[C2hs] Re: support for 6.4

Sun May 22 03:23:59 EDT 2005

Am Donnerstag, den 19.05.2005, 14:32 +0100 schrieb Duncan Coutts:
> On Thu, 2005-05-19 at 16:26 +1000, André Pang wrote:
> > On 19/05/2005, at 12:15 AM, Gour wrote:
> > 
> > > btw, gtk2hs devs have problem with space leaks in c2hs, ie. one
> > > requires over 1GB of RAM to process gtk2 headers.

First of all, I am not convinced that we are having a space leak in
c2hs.  Let's look at what c2hs does.  It runs cpp over a header, which
for GTK+ gives one enormous file with C declarations.  c2hs needs to
read the whole thing, as due to the nature of C, it is impossible to
judge a priori which declarations are relevant for the binding at hand.

This just needs a lot of space.  It is probably possible to come up with
a more efficient representation of the AST, but that would probably be
quite some work to implement.

> Our considered opinion (Axel and myself) is that c2hs's memory
> consumption is a very difficult thing to fix and any fix we might be
> able to come up with would likely be very invasive and so Manuel would
> not be very keen on the idea.

I don't mind it being invasive if

(1) it is not gtk2hs specific (ie, it must be generally useful) and
(2) and doesn't conflict with other features and/or the basic structure.

> One approach I havn't tried but might bear some fruit is to check that
> c2hs is actually using all the data it collects, or if in fact much of
> the AST goes unused in which case it could be eliminated.
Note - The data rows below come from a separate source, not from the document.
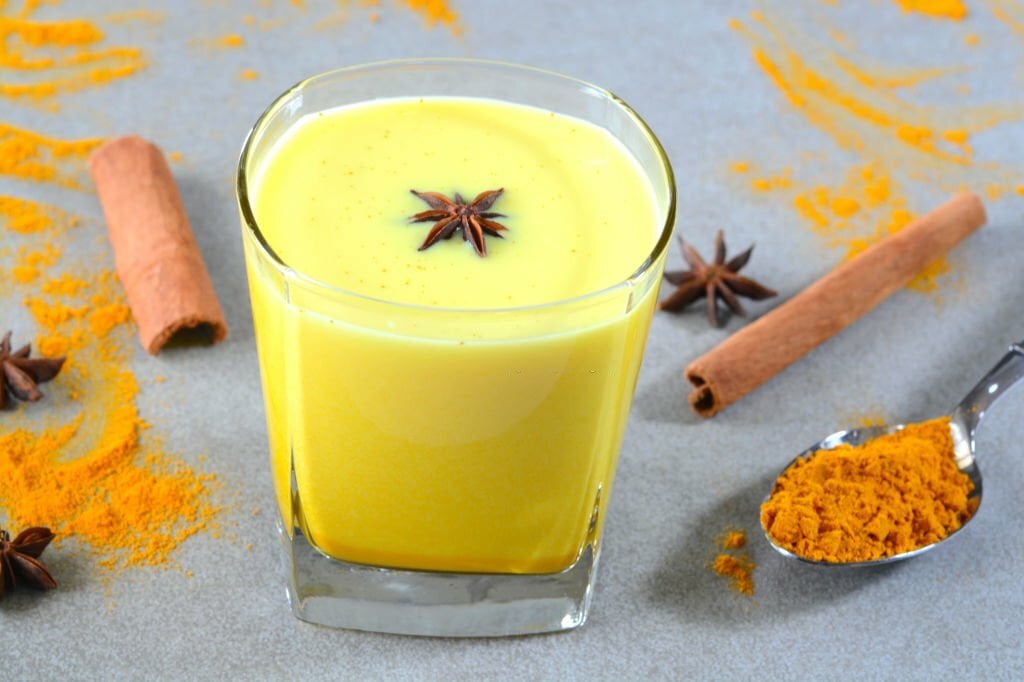 1362065 turmeric milk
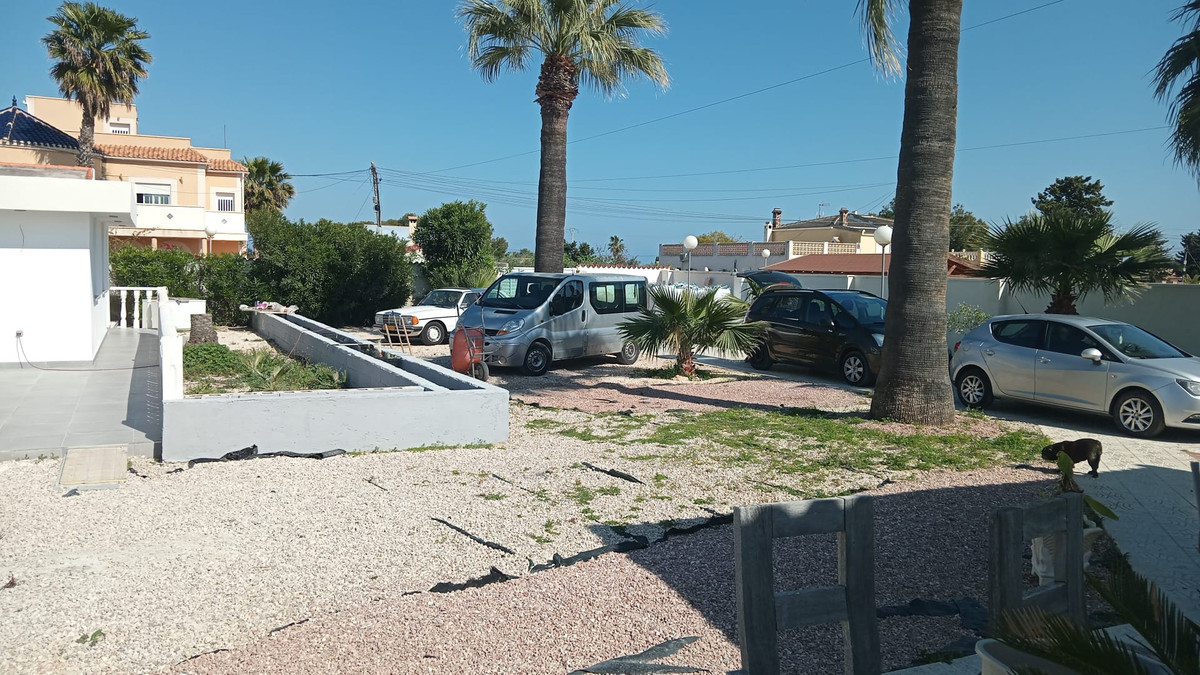 ShowFeedImage House – Detached Villa in Orihuela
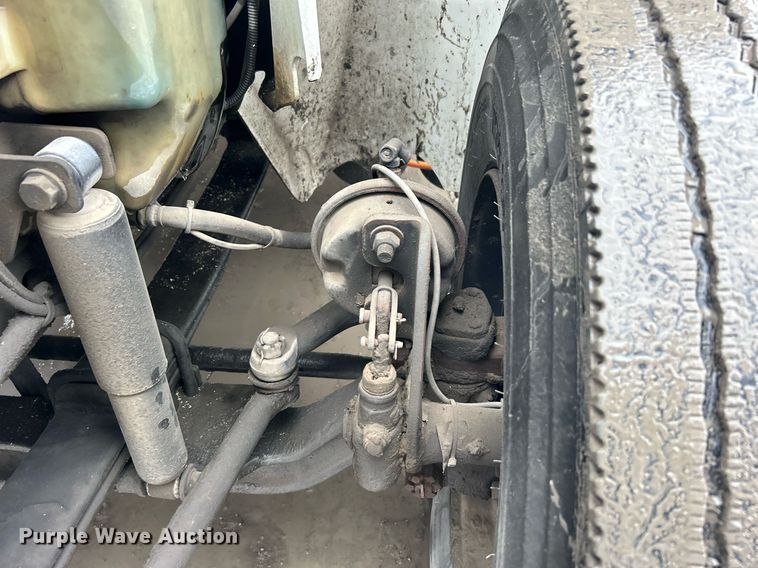 image for item DN0667 2005 International  4300 SBA delivery truck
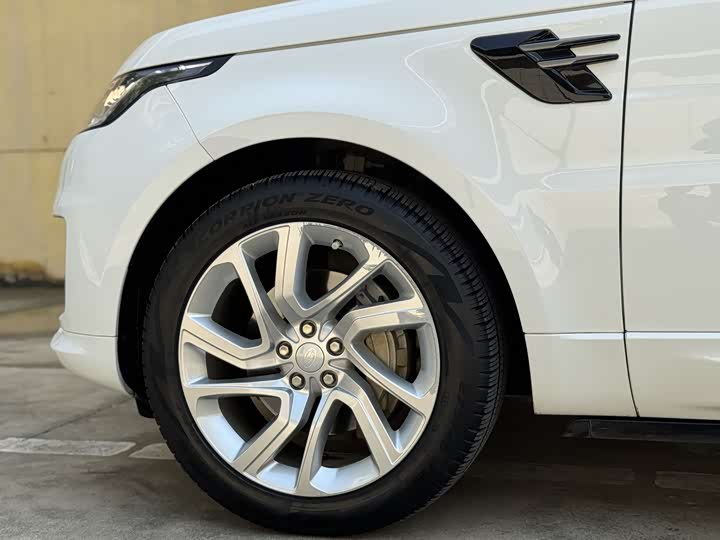 Фото 34 - Land Rover Range Rover Sport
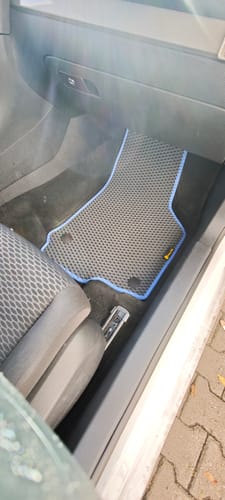 Customer photo review of Dywaniki samochodowe na zamówienie - Przód i tył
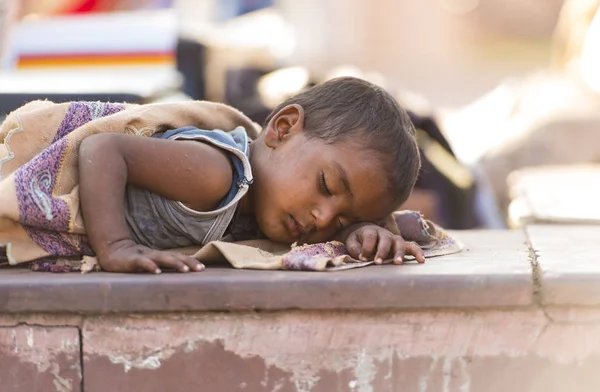 Zavallı çocuk New Delhi bir sokakta 02 Mart uyuyor. 2018 yılında Hindistan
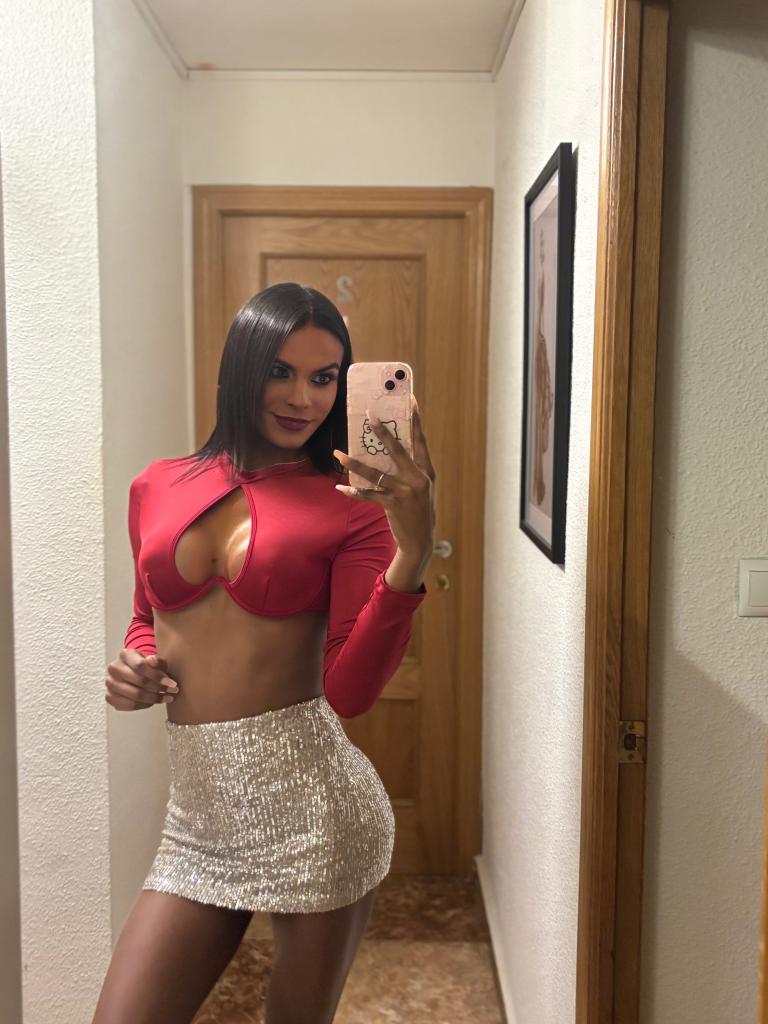 743043392: Travesti en Alicante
However I
> don't imagine that this would give any enourmous savings (ie enough to
> process the Gtk 2.x headers on a machine with 256Mb or RAM).

I am sure lots of the AST isn't used, but we won't know until after most
work is done.  To do it's work, c2hs needs all declarations on which any
symbols bound from Haskell directly or indirectly depend.

> I do have another idea however which I would like to get some feedback
> upon...
> 
> Basically the idea is that we want to to only run c2hs on the developers
> machine and distribute the resulting .hs files. That way only the
> developers machines need 1Gb of RAM. But we also want the resulting .hs
> files to be portable. Portable both between architectures and between
> different versions of Gtk+. For the architecture independence all we
> have to do is make sure we are not using the c2hs {# get #} {# set #}
> features since they embed field offsets into the .hs file which is not
> portable. This is not a great hardship for us since we mostly use hsc2hs
> for doing structure access and c2hs for calling functions.
> 
> Having the .hs files work with different Gtk+ versions is more tricky.
> The idea here is to run cpp on the .hs files after running c2hs, so we
> distribute the .hs files output from c2hs and run cpp over them on the
> target machine when we know what version of Gtk+ we are targeting. For
> this to work we need to run c2hs with the latest version of Gtk+ (since
> it has to be a superset of all versions we intend the .hs files to
> support) and we need to have c2hs pass the preprocessor directives
> through to the .hs files.
> 
> In fact it is slightly more complicated that this. We can't just have
> c2hs ignore the cpp directives since then the problem would be that the
> foriegn import declarations that c2hs adds at the end of the .hs file
> would not be in the context of the cpp directives where the {# call #}
> was used. So to fix this problem I have hacked up a patch such that the
> cpp context is output along with the foreign import declarations. This
> takes advantage of the existing feature in c2hs where it interprets the
> cpp directives, but this uses it for a different purpose. I don't think
> this approach is too invasive, it is cartainly much less so than our
> existing precompiled headers patch or any proposed heap reduction
> strategy.
> 
> I do not yet know if this approach will work fully, I'm still asessing
> its feasability. If it does turn out to be a workable approach, I'd be
> keen to discuss with Manuel wether he might accept such a feature
> (controlled by some command line flag) into the main c2hs.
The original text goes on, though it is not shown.